*Problem details*
Transcribe exactly the span of lines that begins the records and ends with the line holding "The Ultimate American", both boundary lines included.

*Supplied records*
◆ ◆ ◆ ◆
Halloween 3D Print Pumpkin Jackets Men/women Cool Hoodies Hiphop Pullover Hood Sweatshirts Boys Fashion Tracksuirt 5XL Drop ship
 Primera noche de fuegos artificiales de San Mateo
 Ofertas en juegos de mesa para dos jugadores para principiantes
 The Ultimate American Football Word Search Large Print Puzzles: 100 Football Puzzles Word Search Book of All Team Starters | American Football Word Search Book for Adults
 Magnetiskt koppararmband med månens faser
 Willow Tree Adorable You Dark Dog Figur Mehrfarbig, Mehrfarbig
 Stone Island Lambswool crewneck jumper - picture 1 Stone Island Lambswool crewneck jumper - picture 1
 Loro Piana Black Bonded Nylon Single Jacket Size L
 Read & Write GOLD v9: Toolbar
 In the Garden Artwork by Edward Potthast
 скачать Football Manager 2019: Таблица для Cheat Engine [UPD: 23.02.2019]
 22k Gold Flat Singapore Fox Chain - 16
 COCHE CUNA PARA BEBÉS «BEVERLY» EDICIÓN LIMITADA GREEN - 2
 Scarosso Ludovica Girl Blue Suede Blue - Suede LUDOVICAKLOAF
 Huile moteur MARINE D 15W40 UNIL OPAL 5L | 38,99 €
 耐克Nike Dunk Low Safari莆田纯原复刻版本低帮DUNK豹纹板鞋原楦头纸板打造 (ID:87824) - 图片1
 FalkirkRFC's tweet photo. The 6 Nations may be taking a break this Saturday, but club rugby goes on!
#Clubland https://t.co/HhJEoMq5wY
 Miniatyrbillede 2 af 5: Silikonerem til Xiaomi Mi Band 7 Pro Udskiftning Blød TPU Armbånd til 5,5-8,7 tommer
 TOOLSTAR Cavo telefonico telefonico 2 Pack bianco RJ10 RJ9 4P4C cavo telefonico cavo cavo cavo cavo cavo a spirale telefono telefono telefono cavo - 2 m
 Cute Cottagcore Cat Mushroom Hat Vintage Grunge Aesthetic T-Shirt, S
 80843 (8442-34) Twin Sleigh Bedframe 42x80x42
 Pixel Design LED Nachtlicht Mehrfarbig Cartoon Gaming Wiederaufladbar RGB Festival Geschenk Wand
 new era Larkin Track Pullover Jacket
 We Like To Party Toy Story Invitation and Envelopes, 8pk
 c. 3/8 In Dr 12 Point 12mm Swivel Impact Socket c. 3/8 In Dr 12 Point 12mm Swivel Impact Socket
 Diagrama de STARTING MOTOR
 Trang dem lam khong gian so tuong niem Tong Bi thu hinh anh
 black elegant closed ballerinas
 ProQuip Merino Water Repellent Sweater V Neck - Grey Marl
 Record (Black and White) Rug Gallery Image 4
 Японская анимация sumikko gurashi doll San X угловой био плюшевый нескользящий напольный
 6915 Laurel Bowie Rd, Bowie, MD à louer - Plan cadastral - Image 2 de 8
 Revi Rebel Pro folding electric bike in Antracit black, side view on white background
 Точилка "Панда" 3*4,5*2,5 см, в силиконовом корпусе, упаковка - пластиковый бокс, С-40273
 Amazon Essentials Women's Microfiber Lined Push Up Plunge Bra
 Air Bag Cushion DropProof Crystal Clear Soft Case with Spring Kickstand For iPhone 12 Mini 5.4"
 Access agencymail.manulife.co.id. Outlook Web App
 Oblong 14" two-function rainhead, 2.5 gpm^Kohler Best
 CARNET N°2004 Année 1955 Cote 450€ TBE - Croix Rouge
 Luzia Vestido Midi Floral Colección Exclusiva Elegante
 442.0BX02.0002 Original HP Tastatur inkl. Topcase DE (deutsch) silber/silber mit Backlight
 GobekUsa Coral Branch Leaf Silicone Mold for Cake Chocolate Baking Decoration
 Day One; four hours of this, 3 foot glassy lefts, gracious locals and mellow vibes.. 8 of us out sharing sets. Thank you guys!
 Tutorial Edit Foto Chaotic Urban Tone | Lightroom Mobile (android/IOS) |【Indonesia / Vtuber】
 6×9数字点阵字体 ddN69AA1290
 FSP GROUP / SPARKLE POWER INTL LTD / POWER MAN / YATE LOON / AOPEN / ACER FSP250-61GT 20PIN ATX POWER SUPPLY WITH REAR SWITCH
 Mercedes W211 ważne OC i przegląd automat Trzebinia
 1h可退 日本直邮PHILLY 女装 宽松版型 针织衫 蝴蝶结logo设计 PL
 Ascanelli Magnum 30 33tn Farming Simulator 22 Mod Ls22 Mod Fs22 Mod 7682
◆ ◆ ◆ ◆
*Expected answer*
Halloween 3D Print Pumpkin Jackets Men/women Cool Hoodies Hiphop Pullover Hood Sweatshirts Boys Fashion Tracksuirt 5XL Drop ship
 Primera noche de fuegos artificiales de San Mateo
 Ofertas en juegos de mesa para dos jugadores para principiantes
 The Ultimate American Football Word Search Large Print Puzzles: 100 Football Puzzles Word Search Book of All Team Starters | American Football Word Search Book for Adults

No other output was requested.